Overestimate a player’s skill level and a team could wind up overpaying a player who cannot start for them. Underestimate a player’s skill level and a team can miss on the opportunity to acquire him.

This is the kind of variation that can be corrected with a good process, which:

  1. Defines specifically in writing what the team values in players.
  2. Defines which settings scouts can use to grade players.
  3. Clearly defines a grading system.
  4. Uses a system that incorporates all skills and techniques that a team wants to see from its prospects into the grading system.
  5. Prioritizes the importance of those skills and techniques with a weighted score the contributes to the overall evaluation.
  6. Scores players as only meeting or not meeting expectations of those scoring criteria rather than using a highly subjective number system.

No evaluation process is perfect, but I believe NFL teams will see great improvement to its talent evaluation process – and bottom line – once it decides to explore best practices in process management.

Doing so will help them create an evaluation process that will help their scouts and management stay on the same page and prevent issues that they have control over. In addition, when they do have a vast difference in opinion the process should be structured so it will help address the larger problem and continuously refine what they are doing as the game evolves.

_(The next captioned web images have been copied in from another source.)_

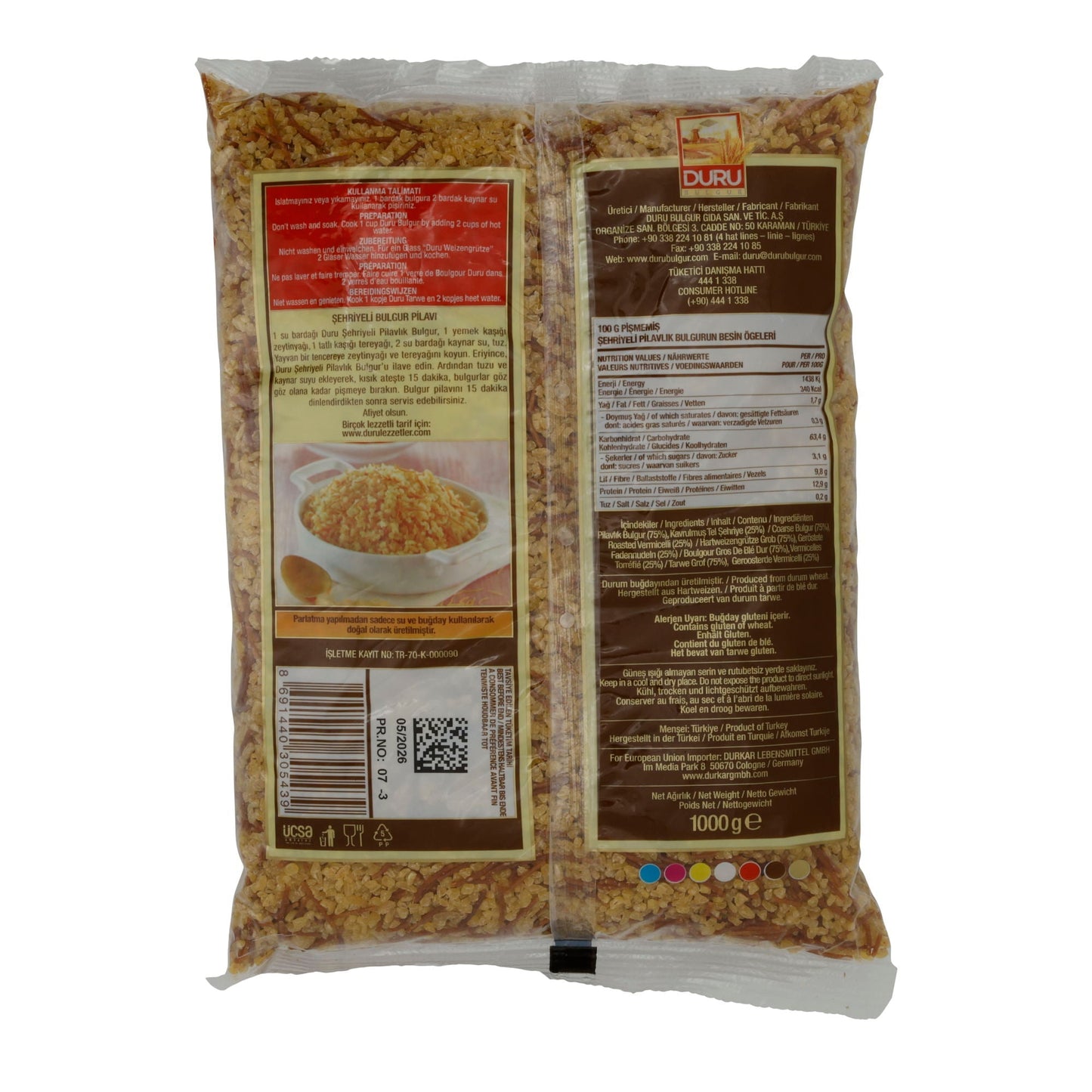 Bulgur Duru Şehriyeli Pilavlık | Aromatisch | Grob mit Fadennudeln | 1 kg DURU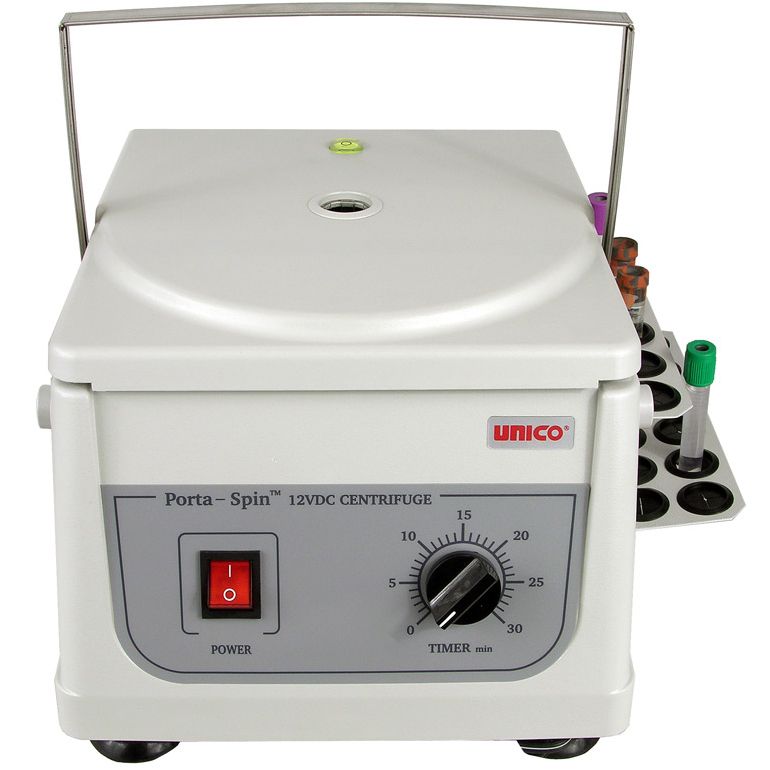 Unico PowerSpin Porta-Spin Portable Centrifuge  8 Place Rotor with Tube Holdster Rack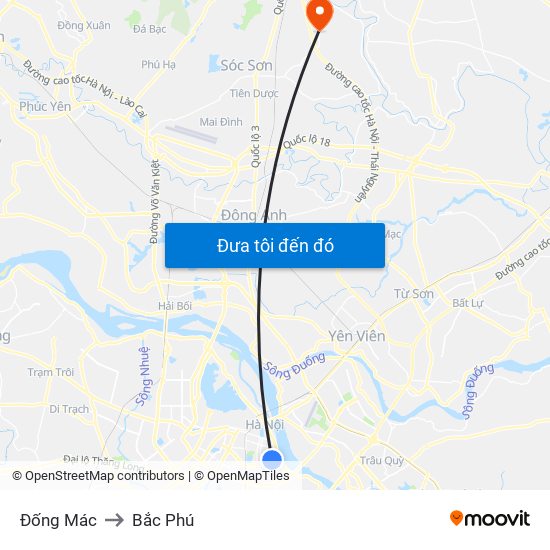 Đống Mác to Bắc Phú map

The Rookie Scouting Portfolio already does this because it adopts and customizes best-practice methodologies for its performance monitoring that Fortune 500 companies use in the service and manufacturing sectors. I believe if an NFL team, and its wealth of resources and vast knowledge about the game, applied similar best practices in process management they would produce an incredibly strong scouting department that could give them a huge edge over their competition and ultimately save their team money.

Although I came to the Rookie Scouting Portfolio lacking NFL-caliber knowledge or football experience, I possessed the knowledge to build a process that would help me use others’ knowledge of the game to successfully evaluate the skills of NFL prospects. Moreover, my process continues to help me refine my knowledge and end product.

I don’t think it will be long before teams explore this avenue to improve their scouting process. The Saints recently purchased a system to refine their tracking and management of data. This is a step in the right direction. However, the same could be said about the use of video tape to record games for scouting.

What NFL teams need to consider is that a system only works well if you have a strong process to incorporate that system to fulfill an overall objective.

Otherwise, it’s just expensive technology.

17 responses to “Evaluating the Evaluator”

  1. The Saints purchase / subscription to that data management service jogged my memory. I remembered a pretty interesting MBA semester in my Computer Information Systems class where we learned about using databases for data mining, pattern recognition, etc. Really fascinating stuff and the companies in our case studies benefited tremendously. I don’t know the who/what/when/where/why/how of NFL data and scouting but my impression is that it is closer to the “pencil and paper” era than the “OLAP server” era.

    From what you’ve written about scouting processes and if I were to extrapolate that to the rest of their organization it appears as if NFL teams are lacking modern business executives that know how to put together a comprehensive scorecard at every level of the organization. Measurables. Measurables. Measurables. That’s how you know if you’re making progress. That’s how you reward good employees. And if you have enough data, that’s why you need a fancy data mining, database expert.

    I am flabbergasted that NFL teams would routinely implement the 25/25 Rule as you describe it. Huh? What kind of money does that save them – $50,000? They lose the knowledge of a veteran scout, introduce instability into the department. All for a few checkers? Hm.


  2. Extremely interesting article.

    It seems baffling how loosely defined the scouting process and operations are for such huge organisations, especially in an industry where everyone is trying to get a leg up on everyone else. If a few teams started taking more scientific approaches such as this, it seems their advantage over the majority would be substantial.

    The 25/25 rule also doesn’t make much sense as a business practice. Surely the adage “spend money to make money” applies here? Create a department that’s sole purpose is to clearly define and constantly re-evaluate the scouting process. Why scrimp on insignificant amounts of wages, when you can spend that little extra bit of money to consistently acquire better talent than other teams, with the end goal of winning more championships, building your fan-base and improving the marketability of your franchise?

  3. I know I’m late to the party on this article but I just discovered your site and have been reading a ton of the great information you have on here. After taking a course in Scouting online, and attempting to learn how the NFL grading system worked, it boggled my mind on how it didn’t make sense. It seems like such a random system. I have enjoyed reading on how you grade QB play and am attempting to learn as much as possible. There is always an opportunity to learn, and the NFL is almost like the good ol boy system, but Pete Carrol and some other coaches are starting to break through with systems that aren’t always the norm, and teams are starting to take notice.